Prabowo Minta 80% Kuota Beasiswa LPDP Dialokasikan untuk Mahasiswa STEM
JAKARTA, investortrust.id - Presiden Prabowo Subianto meminta agar kuota beasiswa Lembaga Pengelola Dana Pendidikan (LPDP) untuk mahasiswa sains, teknologi, engineering, dan matematika (STEM) diperbanyak. Bahkan, Prabowo meminta agar sebanyak 80% dari kuota beasiswa LPDP dialokasikan untuk mahasiswa STEM.
Hal itu disampaikan Prabowo dalam pertemuan dengan para rektor dan pimpinan perguruan tinggi di kompleks Istana Kepresidenan, Jakarta, Kamis (15/1/2026).

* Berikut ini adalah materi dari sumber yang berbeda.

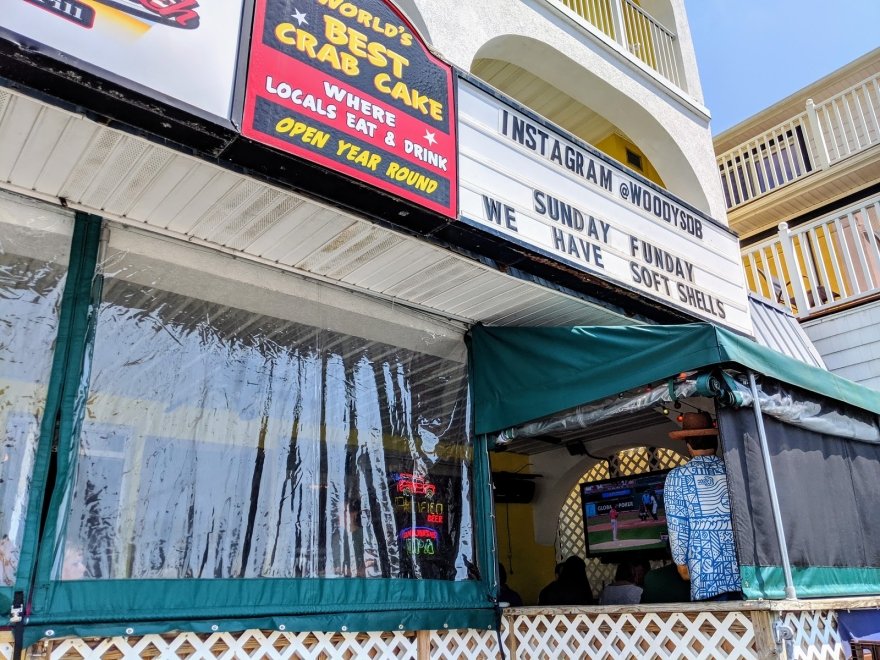 Woody's Dewey Beach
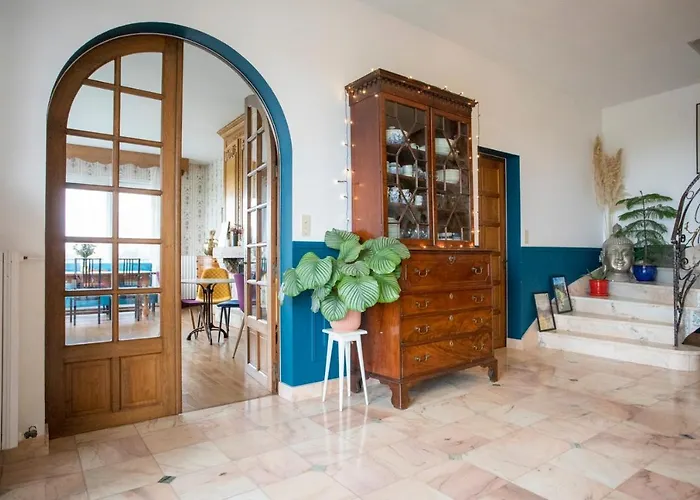 La Bellevue - Bed & Breakfast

"Beliau (Presiden Prabowo Subianto) memberikan arahan untuk alokasi peruntukan dari beasiswa LPDP untuk diperbanyak ke STEM ya. Tadi beliau sempat menyampaikan berharap mencapai di atas 80%," kata Mensesneg Prasetyo Hadi dalam keterangan pers seusai mendampingi Prabowo bertemu dengan para rektor.
Baca Juga
Pras, sapaan Prasetyo Hadi menyatakan, penambahan kuota beasiswa untuk mahasiswa STEM itu dilakukan karena pemerintah fokus mengejar bidang ilmu pengetahuan dan teknologi.
"Karena kita memang konsentrasi untuk mengejar ketertinggalan kita terlebih dahulu di dalam hal penguasaan ilmu pengetahuan dan teknologi," katanya.
Pras membeberkan, saat ini, terdapat 9,9 juta mahasiswa yang sedang menempuh pendidikan tinggi di Indonesia. Namun, dari jumlah tersebut, penerima beasiswa masih relatif terbatas yakni 1,1 juta penerima.
Untuk itu, Prabowo memberikan arahan kepada Mendiktisaintek Brian Yuliarto dan Prasetyo Hadi untuk menghitung dan merumuskan ulang kebijakan agar jumlah penerima beasiswa dapat diperluas secara signifikan.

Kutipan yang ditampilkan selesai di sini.